« À moyen terme, les pays du nord de l’Afrique et du Moyen-Orient vont continuer à être dépendants des importations de blé, [ce qui représente] une opportunité pour la filière céréalière française », observait Roland Guiragossian, responsable pour l'Algérie et le Proche- et Moyen-Orient à Intercéréales (interprofession), le 19 mars 2025. Il intervenait à une table-ronde organisée à l’occasion de la seizième matinée export qui précède la Bourse de l’exécution.

« Dans ces régions, le blé fait office de base dans l’alimentation des populations, et c’est la protéine la plus accessible », exposait-il. Les volumes importés par ces pays, d’environ 54 millions de tonnes par an, sont aujourd’hui « considérables ». Selon les pays, la consommation par habitant peut y être jusqu’à cinq fois supérieure à celle observée en France. « Une tendance qui se maintient et qui va s’accentuer : cette grande région regroupe aujourd’hui quelque 570 millions d’habitants, avec une croissance démographique forte encore attendue », a projeté le spécialiste.

Rester compétitif

Roland Guiragossian évoque une dépendance quasi-totale au blé importé pour plusieurs pays du golfe Persique et à hauteur de 80 % pour l’Algérie ou encore de 60 % pour l’Égypte. L’ancien ministre de l’Agriculture marocain, Mohammed Sadiki, invité pour l’occasion, parlait quant à lui d’une dépendance de 30 à 70 % pour son pays. Une fourchette très large, qu’il a justifiée par les aléas climatiques.

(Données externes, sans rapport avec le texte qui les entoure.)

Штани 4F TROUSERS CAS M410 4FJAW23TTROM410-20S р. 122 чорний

« Le Maroc est un client historique du blé français. Il a représenté jusqu’à 60 % de nos importations mais ces dernières années, la concurrence très forte des pays de la mer Noire [a pu réduire les parts de marché françaises], a-t-il reconnu. Il y a [aujourd’hui] un travail très important pour relancer les échanges entre la France et le Maroc. [...] Il faut être lucide, nous ne [jouons pas] l’autosuffisance mais plutôt une meilleure articulation entre la production nationale et la sécurisation des approvisionnements. »

Lourds investissements

S’ils restent largement dépendants des importations en blé et autres céréales, certains pays ne ménagent pas leurs efforts pour relocaliser des productions. L’Algérie et l’Égypte, par exemple, ont lancé des projets pour exploiter les zones arides du sud de leurs pays, notamment par forage dans la nappe souterraine. Avec pour l’Algérie, l’objectif d’être autosuffisant en blé dur et en orge.

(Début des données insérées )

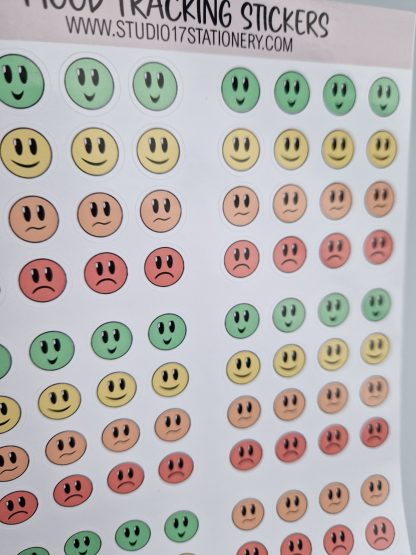 Moody faces Sticker Sheet - Image 2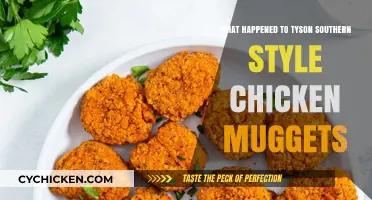 Tyson Southern Style Chicken Muggets: Why They Vanished from Shelves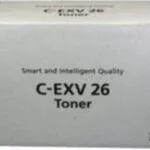 Canon C-EXV26 Γνήσιο Toner Laser Εκτυπωτή Κίτρινο 6000 Σελίδων 1657B006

Dans les pays du golfe Persique, souvent dotés de moyens financiers plus importants du fait de leurs activités pétrolières, des investissements massifs ont aussi été réalisés pour des fermes verticales, comme l’a rapporté Roland Guiragossian. Mais on y préfère les fruits et légumes ou les cultures à plus forte valeur ajoutée pour rentabiliser ces lourds investissements.

« La culture hors sol des céréales est possible mais pas rentable », appuyait Stéphane Jezequel, directeur scientifique d’Arvalis. Et ce dernier de faire le parallèle avec les robots en France et en Europe : « Les grandes cultures seront les dernières espèces à [profiter de solutions technologiques] efficaces » par manque de rentabilité pour les utiliser dès aujourd’hui.